Exploits continue abusing a four-year-old bug used in the Stuxnet attack, Kaspersky Lab says.

One of the main vulnerabilities used in the infamous Stuxnet attack -- patched four years ago -- is being used in attack attempts against millions of machines around the world, according to new data.

Kaspersky Lab found that during November 2013 and June 2014, the Windows Shell flaw (CVE-2010-2568) used by Stuxnet to gain administrative rights on a Windows machine remotely was detected 50 million times attacking some 19 million machines in Vietnam (42.45%), India (11.7%), Indonesia (9.43%), Brazil (5.52%), and Algeria (3.74%).
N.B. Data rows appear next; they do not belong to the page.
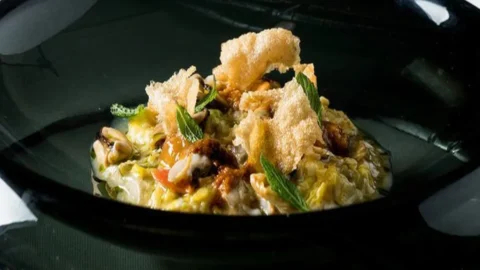菜蓟煎蛋配海鲜和混合沙拉的食谱：主厨 Daniele Usai 的星级美食悬浮在陆地和海洋风味之间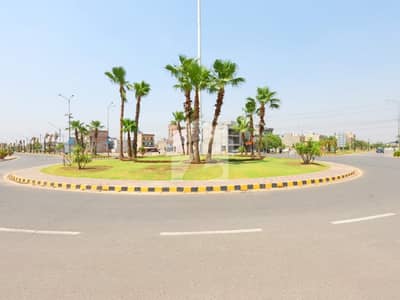 Commercial Plot Of 8 Marla Is Available For Sale In Central Park - Block B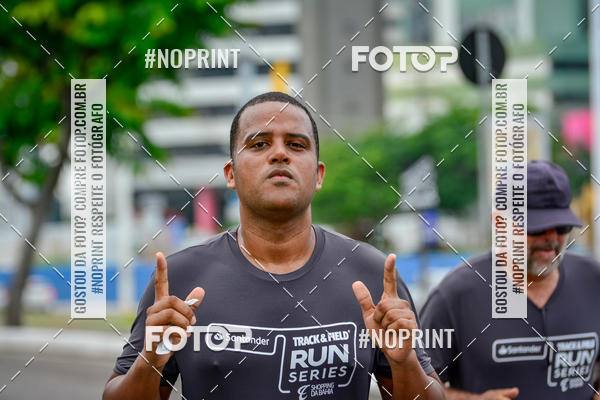 Buy your photos of the eventSantander Track&Field Run Series - Shopping da Bahia on Fotop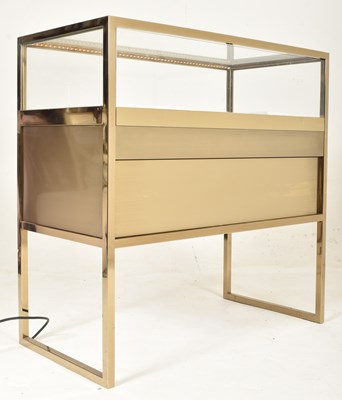 Lot 269 - CONTEMPORARY HIGH END DESIGN GILT METAL & GLASS BIJOUTERIE TABLE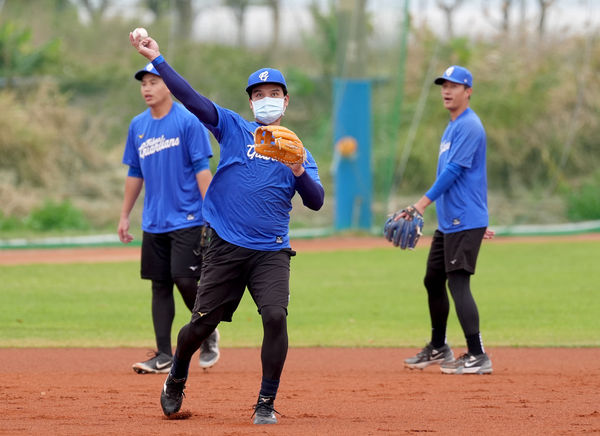 ▲▼富邦悍將王勝偉、楊閔貽。（圖／富邦悍將提供）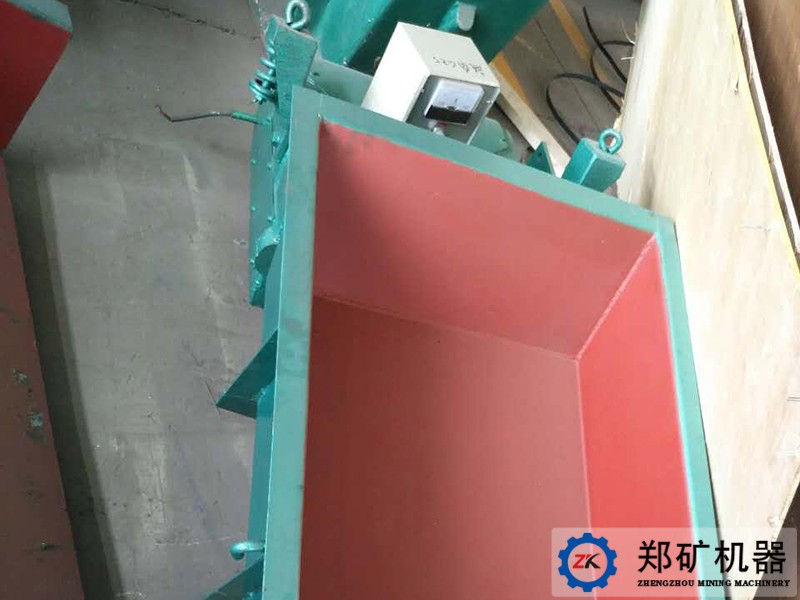 電磁振動(dòng)給料機(jī)發(fā)貨現(xiàn)場(chǎng)圖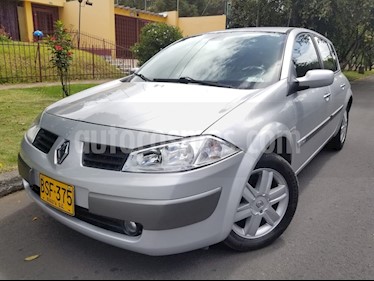 Foto venta Carro Usado Renault Megane ll Hatchback 2.0L Dynamique (2005) color Plata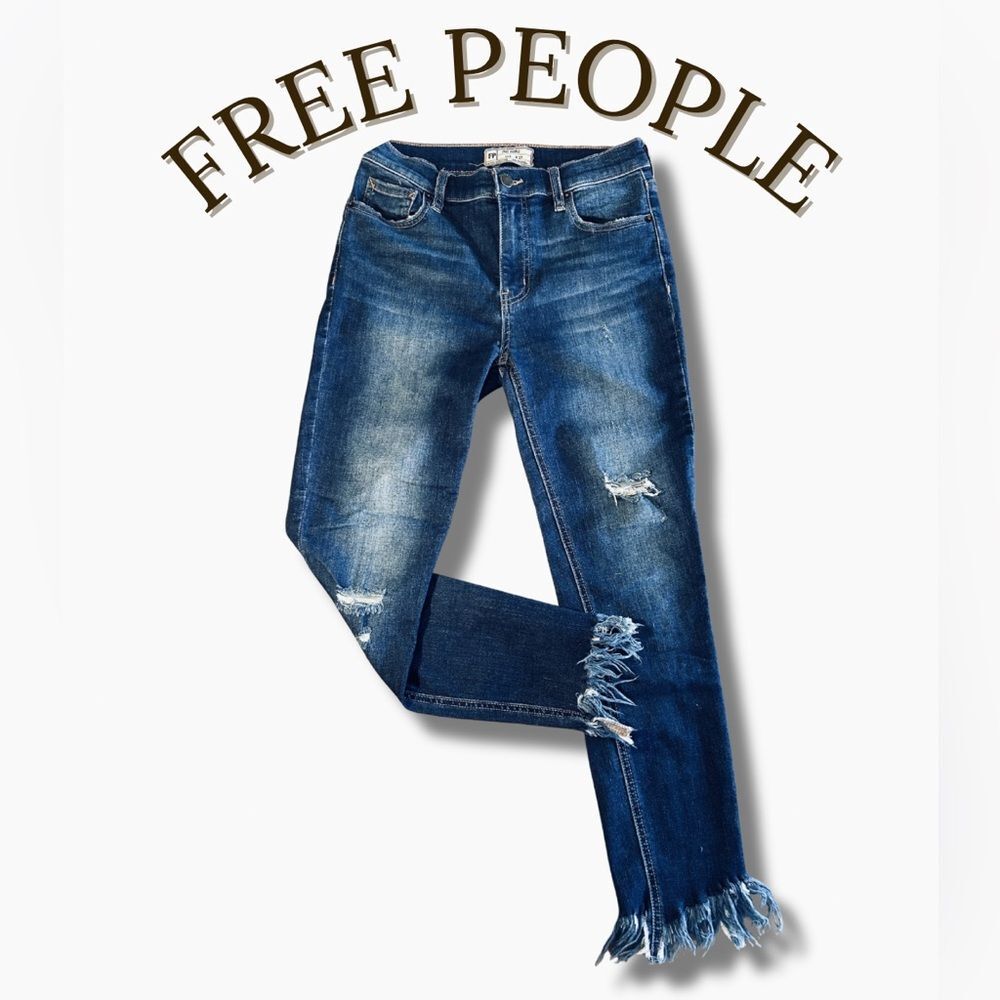 Free People Dark Wash Distressed Ankle Jeans – Frayed Ragged Hem – W27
Those nations also have some of the most Windows XP installations, which likely explains why a high percentage of them are the target of that Stuxnet vulnerability, according to Kaspersky Lab. Some 64.19% of those machines in the sample were XP; 27.99%, Windows 7; 3.99%, Windows Server 2008; and 1.58%, Windows Server 2003. Around 4.52% of all active XP machines are in the US, according to Kaspersky's data.

The "critical" Windows Shell flaw would let a remote or local attacker run code via a malicious .LNK or .PIF file via an improperly handled icon displayed in Windows Explorer. Microsoft issued a patch for the vulnerability on August 2, 2010; Stuxnet was first discovered in June of that year.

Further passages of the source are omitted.